From January 2001 to August 2008, 24 eyes of 23 patients needing combined KP/PPV/PKP surgical intervention for traumatic and nontraumatic corneal and retinal pathologies were studied. A KP was needed to establish a clear view of the posterior segment during surgical intervention. Multiple parameters including patient baseline characteristics, previous ocular procedures, visual acuity, intraocular pressure, and status of the retina and cornea at baseline, and postoperatively on day-1, months-1 and -6, and yearly until the last follow-up. Anatomical success was defined as retinal reattachment intraoperatively to the end of the follow-up period, and corneal graft clarity from 4 weeks postoperatively to the end of the follow-up period. The functional outcome was defined as a change in best corrected visual acuity of more than 2 Snellen lines, or among categories of finger counting ability, hand movement and light perception. Visual acuity change was classified as: improved, stable, or decreased.

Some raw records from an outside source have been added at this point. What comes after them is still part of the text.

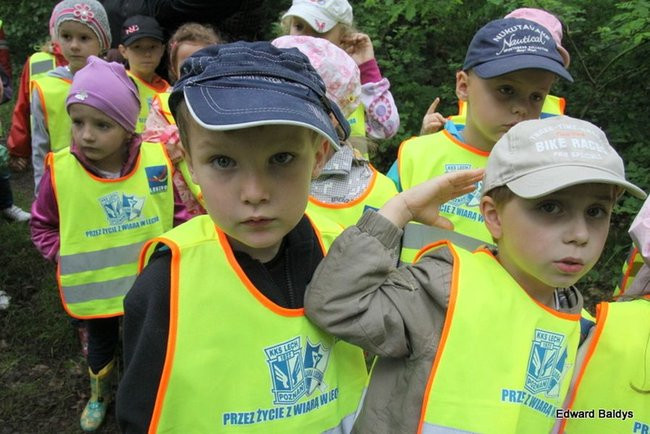 W lesie jest ciekawie (zdjęcia)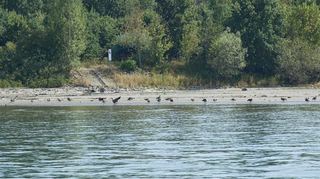 Gänse tummeln sich am Nordheimer Ufer. An den Rändern der Wasserstraße zeigt sich, dass der Wasserstand nach wie vor zu niedrig ist.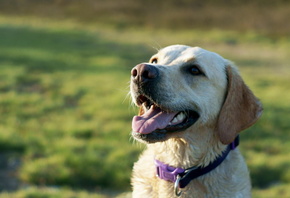 ������, ���, ����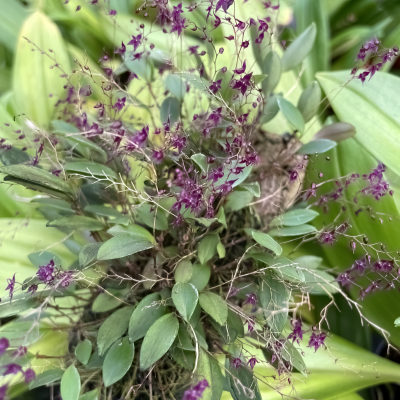 Lepanthopsis astrophora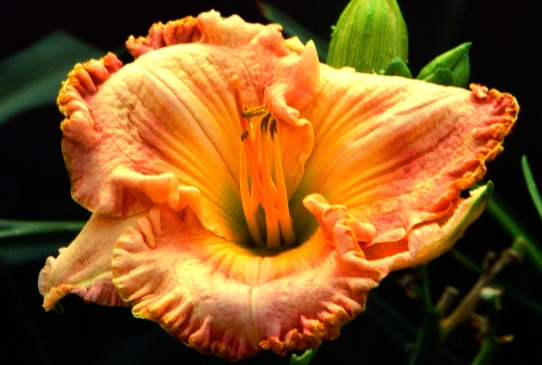 Spacecoast Sonata Спейскоаст Сенате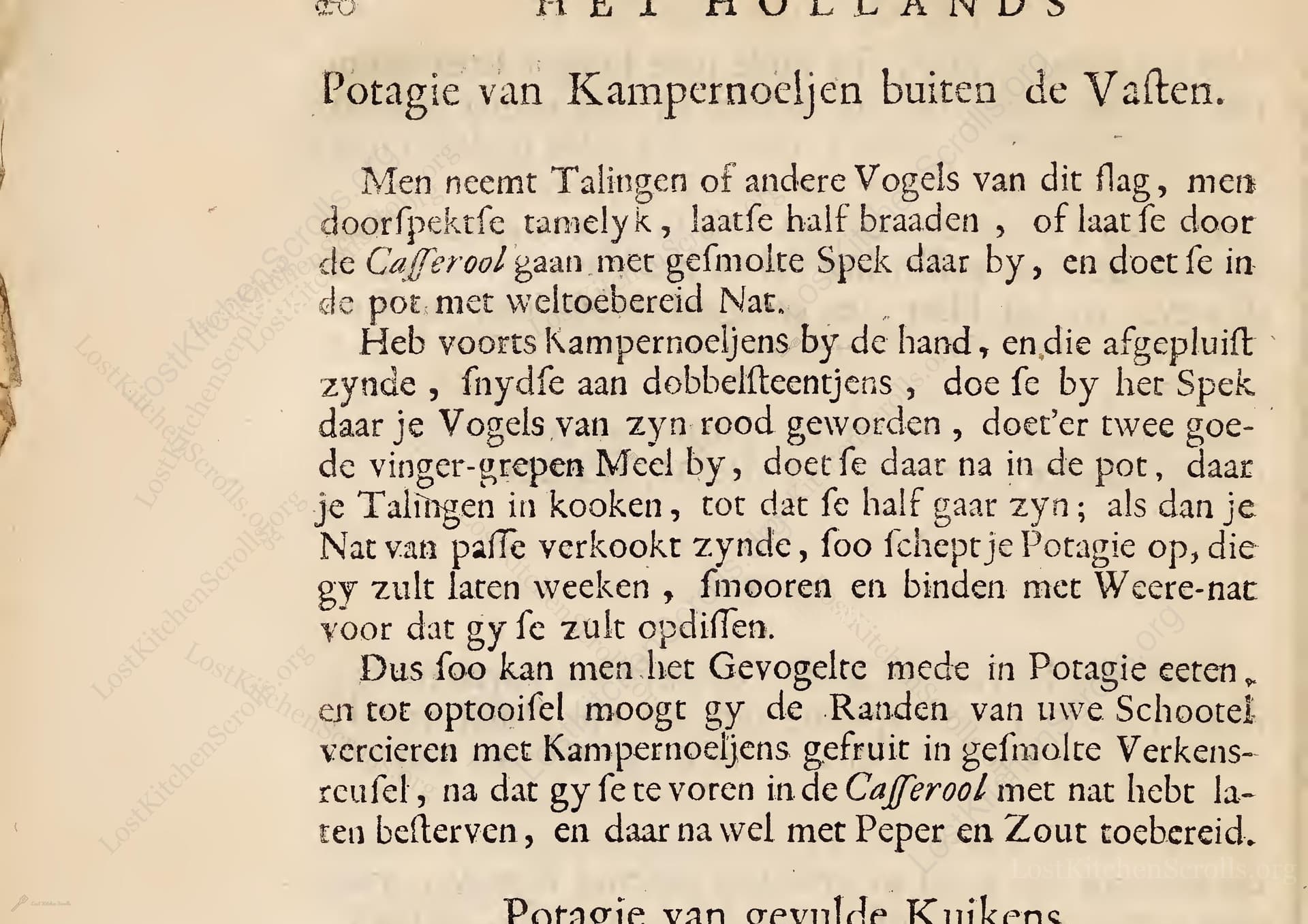 Potagie Van Kampernoeljen Buiten De Vasten
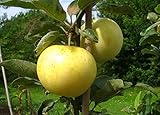 Weißer Klarapfel – Apfelbaum alte Sorte 120-150 cm | Premium Baumschulqualität |...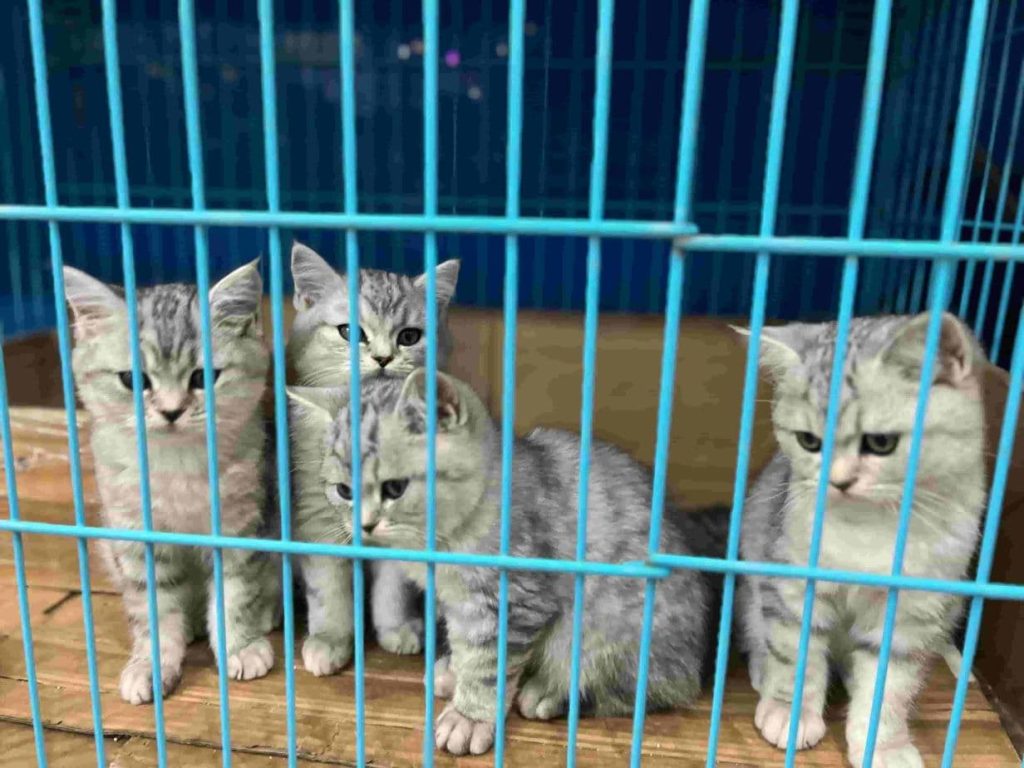 四只银渐层关在猫笼子里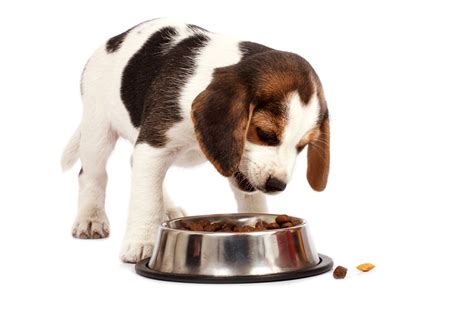 Dog Bloat General Dog Health Care Dogs Guide Omlet Us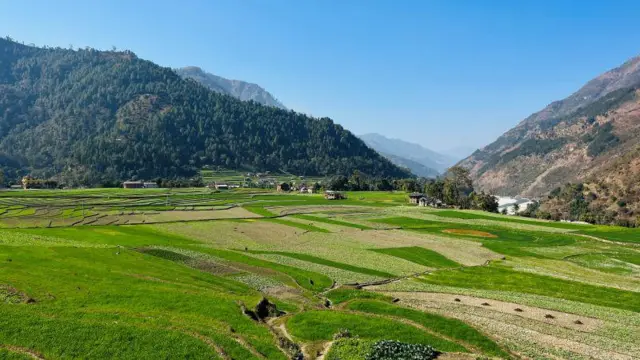 बाँदर धेरै लाग्ने सादनचौर र छिबाङज्युलाको फाँट 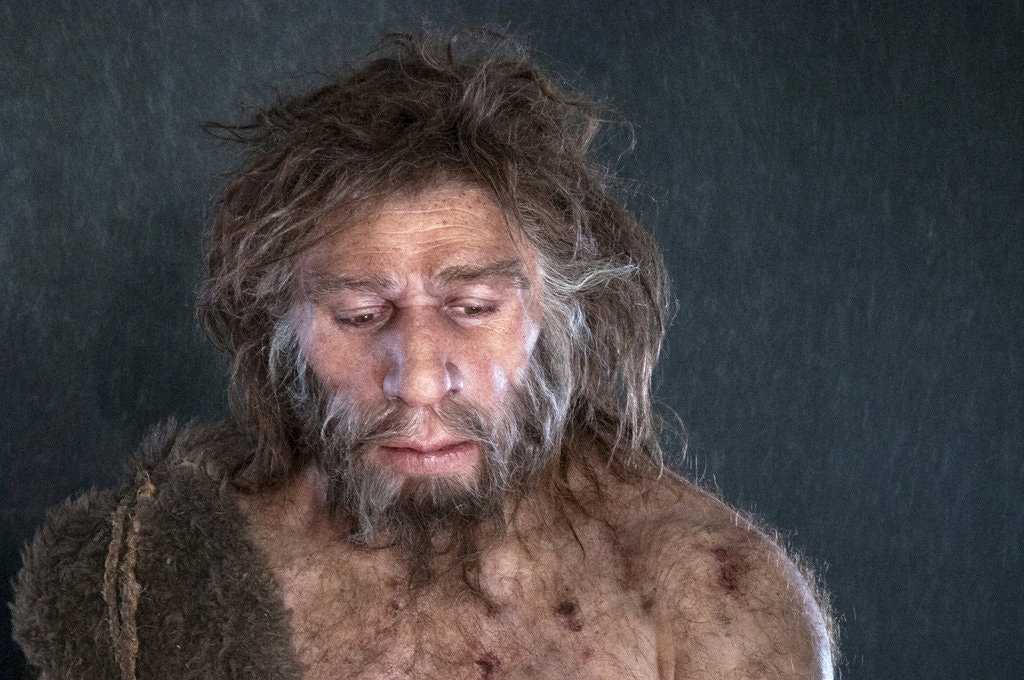 We are All Neanderthals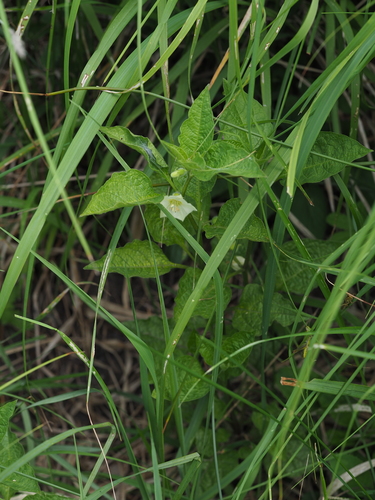 Strawberry groundcherry (Alkekengi officinarum)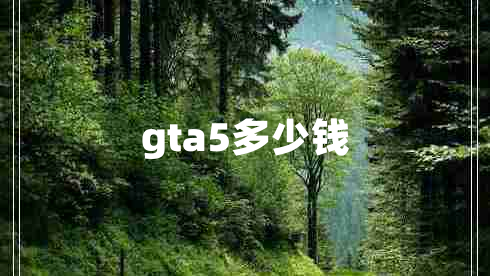 gta5多少錢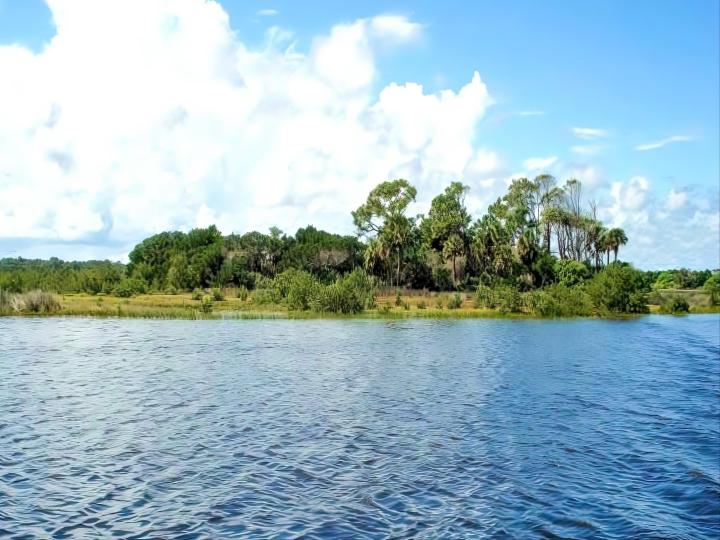 Ormond By the Sea image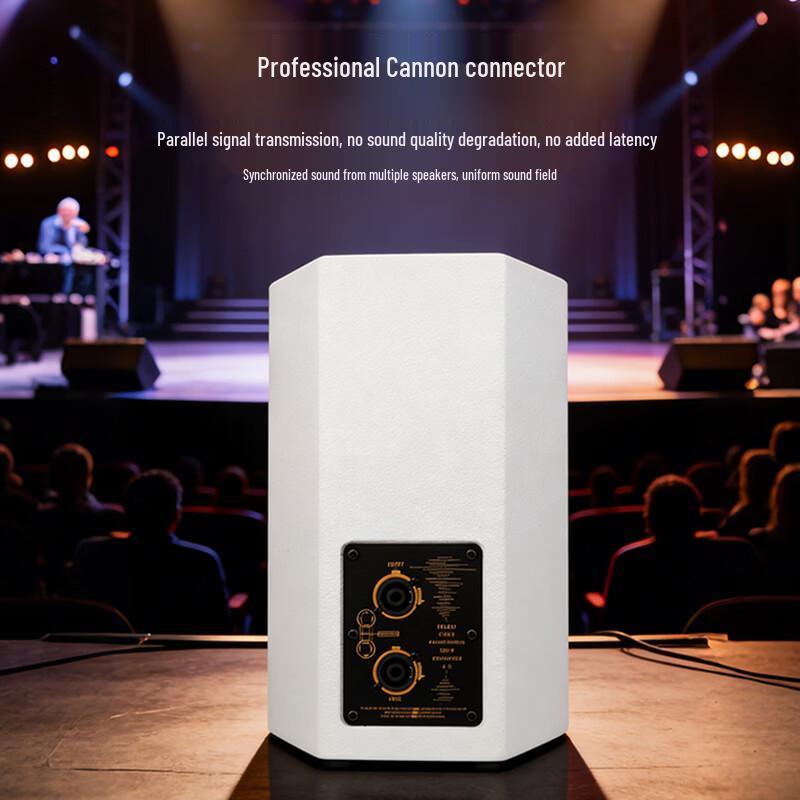 Weishu YE10 Professional 10-inch Full-Range Passive Speaker (CN version)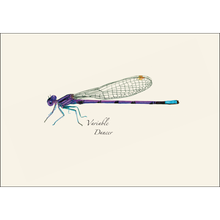 Load image into Gallery viewer, Variable Dancer damselfly illustration notecard with purple body, blue tail tip and transparent wings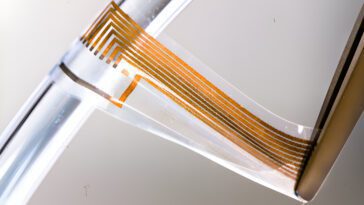 Les chercheurs créent des électrodes avec de l'or qui interagissent avec le système nerveux humain 27 Researchers create soft gold nerves using conductive nanowires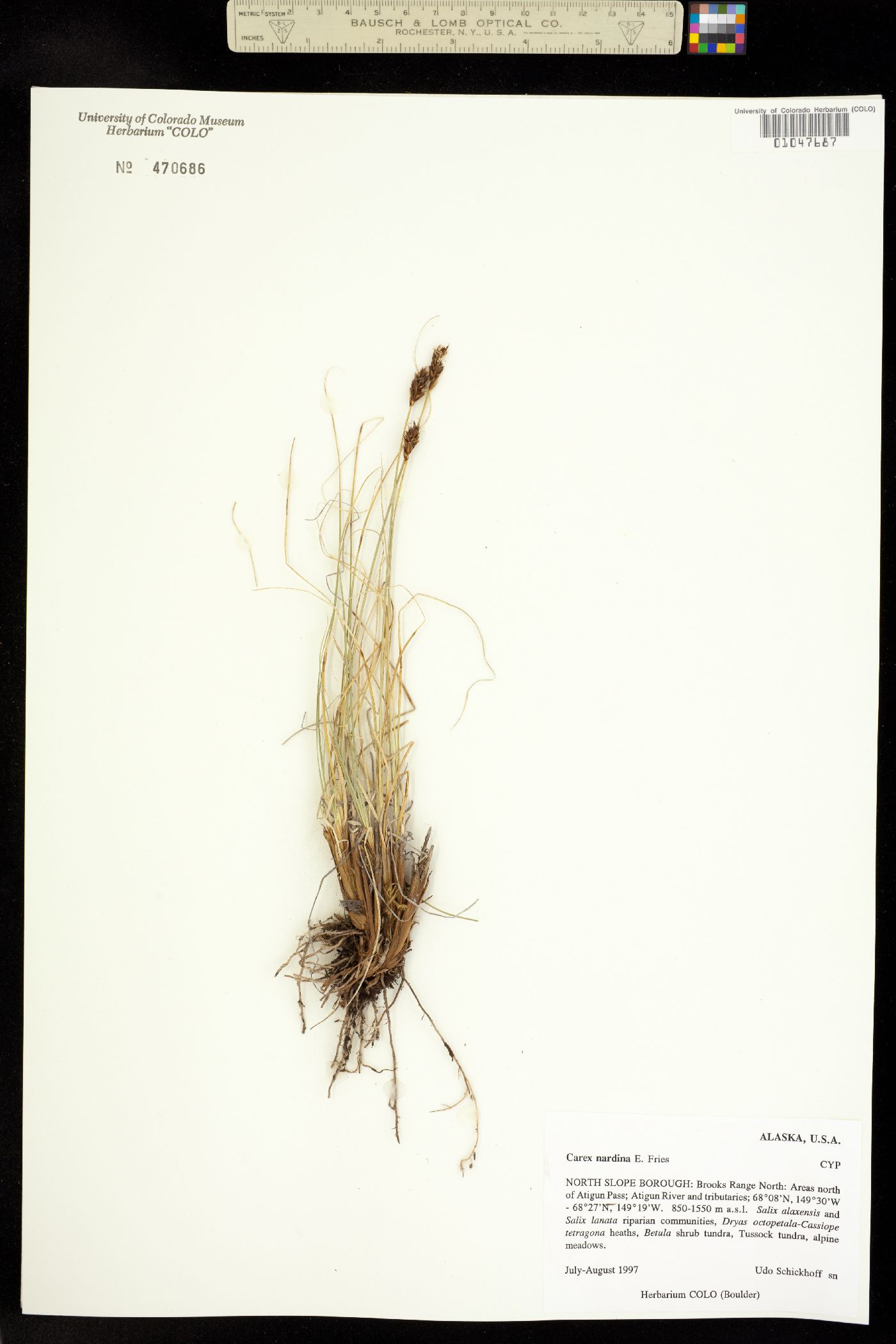 Carex nardina image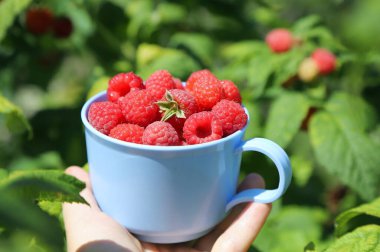 Mavi bir fincanda olgun ahududular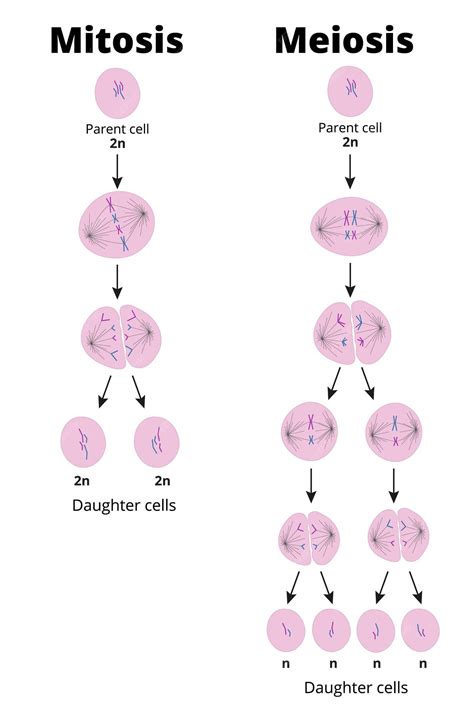 diferencia entre mitosis  meiosis tipos de division celular  producen celulas diploides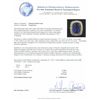 Image 6 : 14KT Yellow Gold 21.70ct GIA Cert Tanzanite and Diamond Ring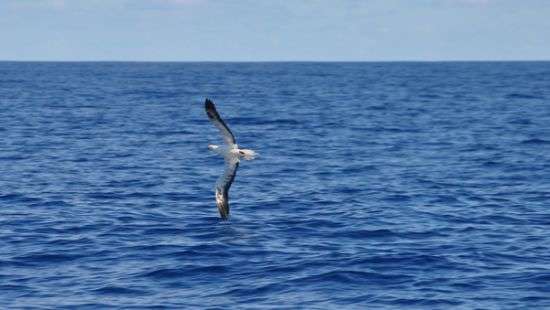 Французы спасли дрейфующего на неисправном судне путешественника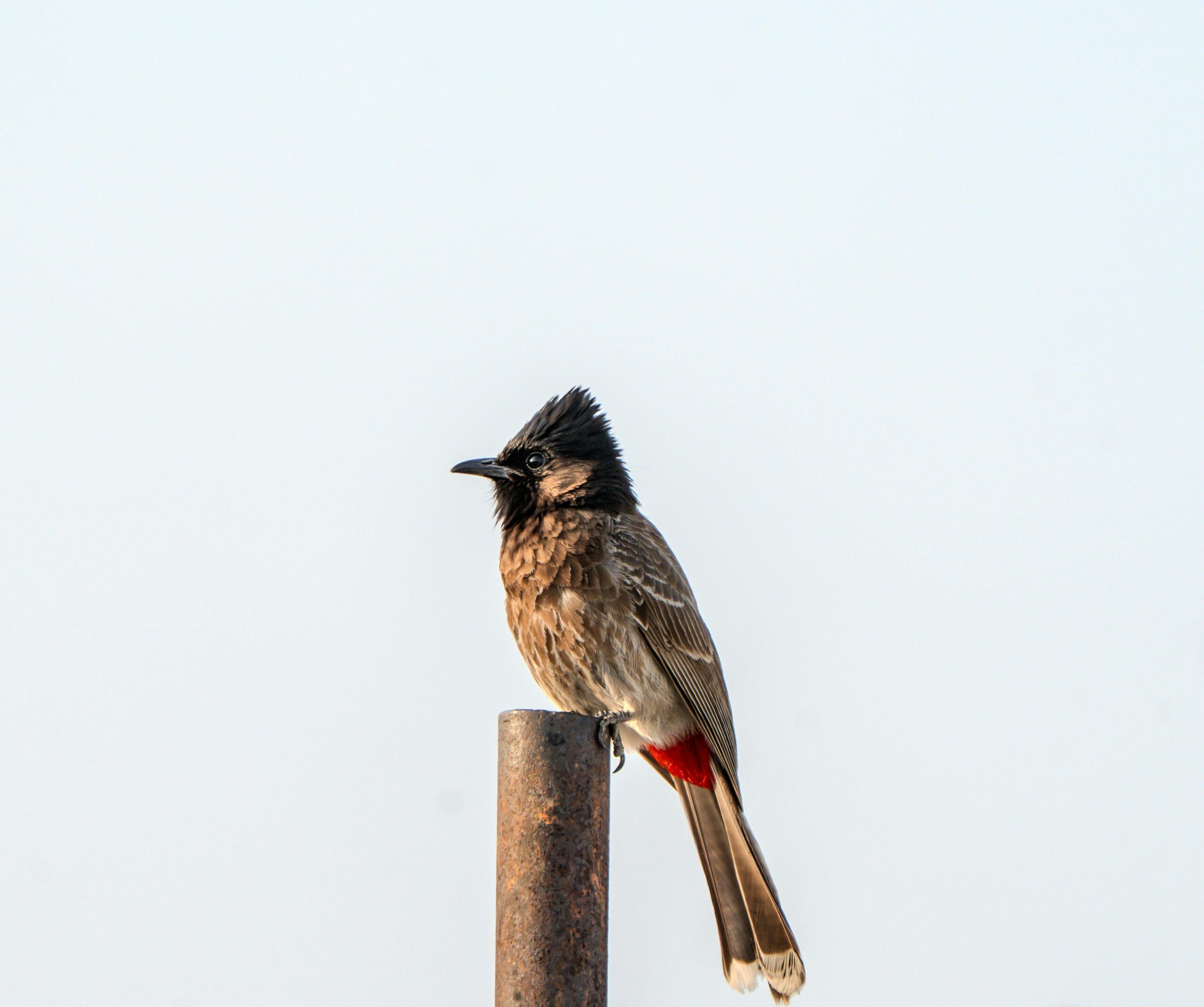 red-vented bulbul bird Sri Lanka wildlife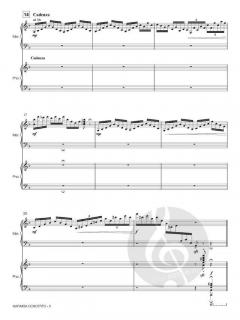 Marimba Concerto von Satoshi Yagisawa 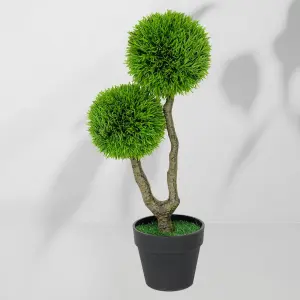 Roślina doniczkowa Drzewko sosna wydmowa 5054 55 cm EKKW2710 Eko-Light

23 patients underwent the combined KP/PPV/PKP. Mean follow-up was 36 months (range 6-162 months). Seventeen (74%) of 23 subjects had follow-up more than 12 months. Functional outcomes: No eyes had visual acuity better than 20/400 pre-operatively. At final follow-up, best corrected visual acuity improved in 40% of eyes, remained stable in 40%, and worsened in 20%. Anatomical outcomes: Corneal graft was clear in 18 (75%) of eyes, 5 (21%) had graft failure, and 1 (4%) developed transient graft edema that resolved. Retinal reattachment occurred in 22 (92%) eyes; 2 (8%) developed a localized traction retinal detachment that did not warrant additional surgery. Silicone oil use was necessary in 21 (88%) of 24 eyes. Derangement in intraocular pressure (IOP) was common (13 (54%) eyes). Elevated IOP (>21 mmHg) necessitating treatment occurred in 5 (21%), and hypotony (<6 mmHg) occurred in 8 (33%). Three eyes (13%) showed signs of phthisis secondary to persistent hypotony pre-operatively that resolved with re-establishment of normal IOP postoperatively.
In this study temporary KP during PPV/PKP surgery allowed surgical intervention in eyes with complex anterior and posterior segment disease. Corneal graft clarity and successful retinal reattachment was possible in the majority of eyes.